### SOURCE DATA

+ + + + +

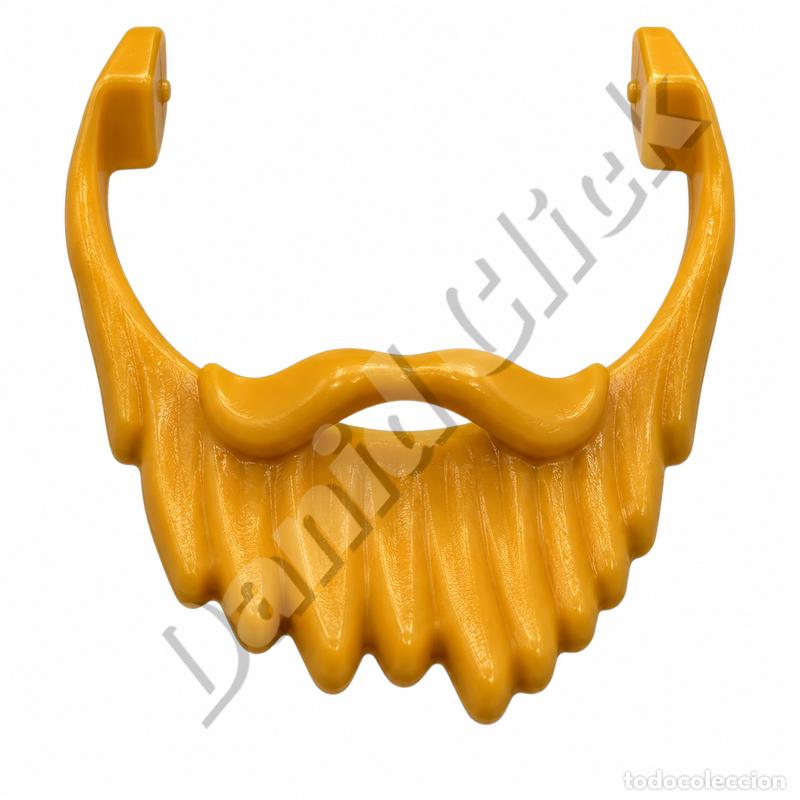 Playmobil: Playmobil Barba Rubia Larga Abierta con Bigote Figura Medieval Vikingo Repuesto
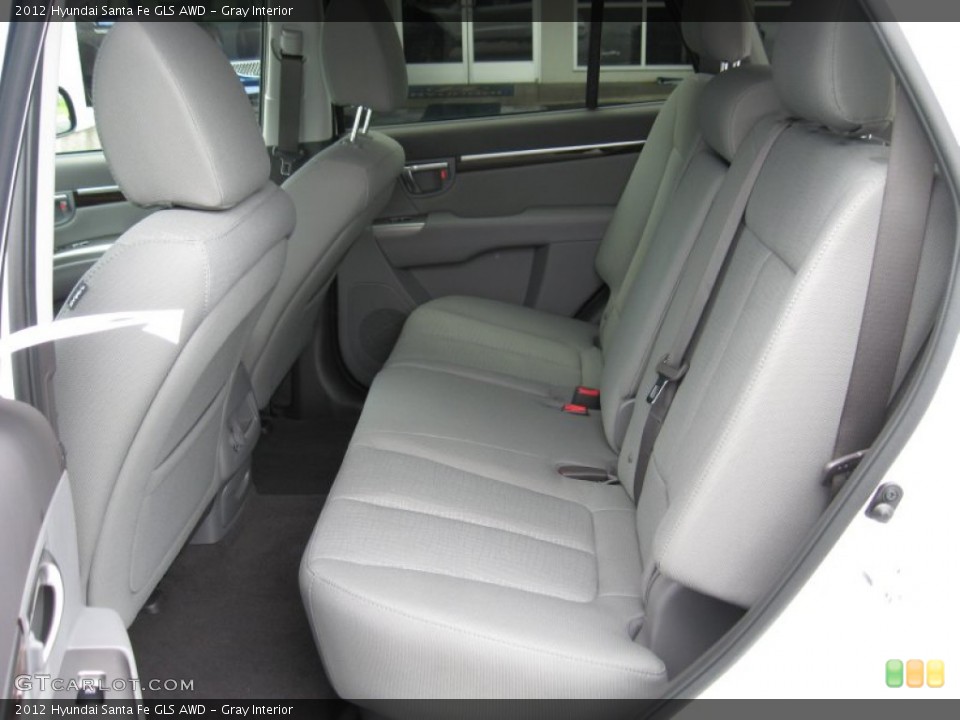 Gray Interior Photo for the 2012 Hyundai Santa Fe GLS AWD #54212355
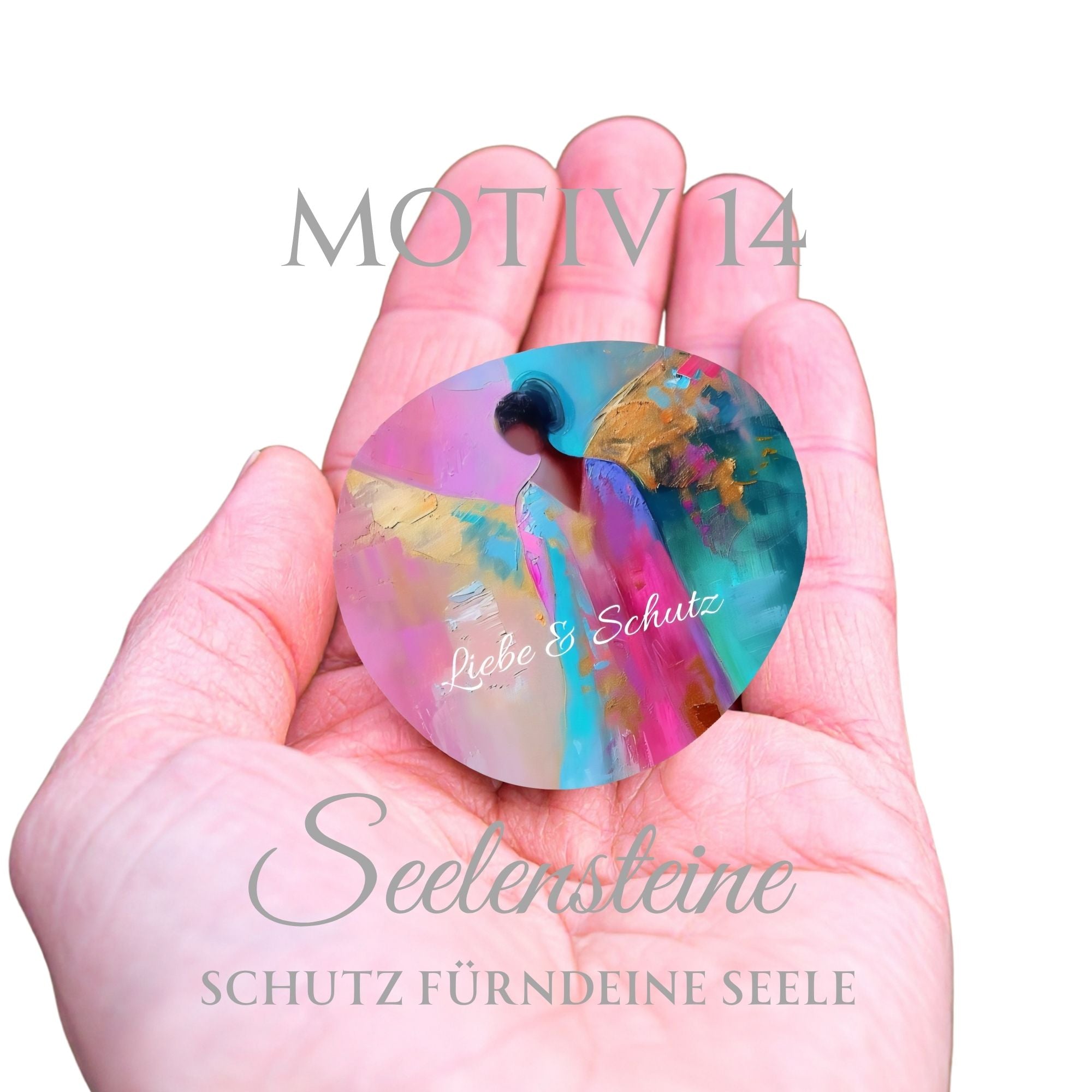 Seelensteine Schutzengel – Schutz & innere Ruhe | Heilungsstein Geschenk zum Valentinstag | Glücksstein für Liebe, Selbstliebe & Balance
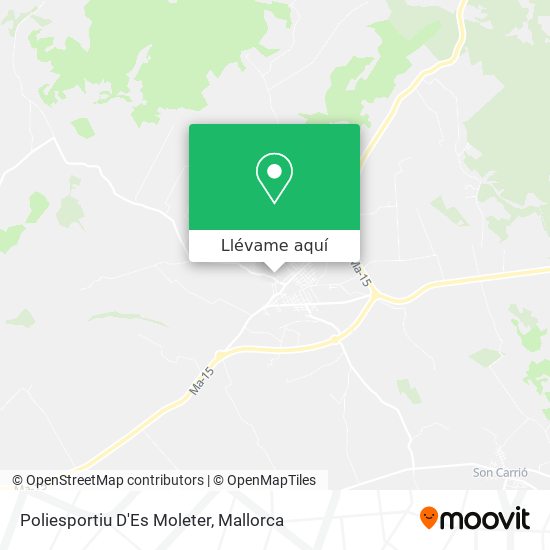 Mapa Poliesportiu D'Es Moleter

+ + + + +

The whole listing above must be duplicated word for word, apart from its pictures.

 Playmobil: Playmobil Barba Rubia Larga Abierta con Bigote Figura Medieval Vikingo Repuesto
 Gray Interior Photo for the 2012 Hyundai Santa Fe GLS AWD #54212355
 Seelensteine Schutzengel – Schutz & innere Ruhe | Heilungsstein Geschenk zum Valentinstag | Glücksstein für Liebe, Selbstliebe & Balance
 Mapa Poliesportiu D'Es Moleter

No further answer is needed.